**Data extracts**.

──────────────────────────────

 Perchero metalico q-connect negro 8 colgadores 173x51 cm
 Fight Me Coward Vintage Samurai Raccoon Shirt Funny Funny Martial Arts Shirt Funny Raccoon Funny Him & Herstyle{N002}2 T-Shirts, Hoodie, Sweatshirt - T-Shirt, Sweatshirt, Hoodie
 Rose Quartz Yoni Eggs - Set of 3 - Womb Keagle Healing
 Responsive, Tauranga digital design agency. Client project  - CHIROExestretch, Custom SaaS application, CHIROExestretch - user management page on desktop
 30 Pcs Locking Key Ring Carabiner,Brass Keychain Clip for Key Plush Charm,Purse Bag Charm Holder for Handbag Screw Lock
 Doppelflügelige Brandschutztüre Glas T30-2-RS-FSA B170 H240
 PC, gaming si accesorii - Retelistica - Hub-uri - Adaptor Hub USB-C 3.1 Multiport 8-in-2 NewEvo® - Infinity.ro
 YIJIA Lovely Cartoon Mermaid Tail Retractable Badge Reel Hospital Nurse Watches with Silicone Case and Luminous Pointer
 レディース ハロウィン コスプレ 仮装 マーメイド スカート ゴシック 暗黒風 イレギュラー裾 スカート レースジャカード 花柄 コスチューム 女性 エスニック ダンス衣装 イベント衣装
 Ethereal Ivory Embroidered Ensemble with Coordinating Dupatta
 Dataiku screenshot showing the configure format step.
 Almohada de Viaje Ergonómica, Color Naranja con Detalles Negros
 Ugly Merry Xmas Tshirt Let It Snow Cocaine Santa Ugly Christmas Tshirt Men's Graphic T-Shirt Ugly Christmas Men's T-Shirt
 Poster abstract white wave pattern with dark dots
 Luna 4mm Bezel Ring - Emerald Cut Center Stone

──────────────────────────────

**What you need to do**. Give back, unchanged, the line that holds "Ugly Merry Xmas" along with all lines after it through the last line above.

**Task answer**.
 Ugly Merry Xmas Tshirt Let It Snow Cocaine Santa Ugly Christmas Tshirt Men's Graphic T-Shirt Ugly Christmas Men's T-Shirt
 Poster abstract white wave pattern with dark dots
 Luna 4mm Bezel Ring - Emerald Cut Center Stone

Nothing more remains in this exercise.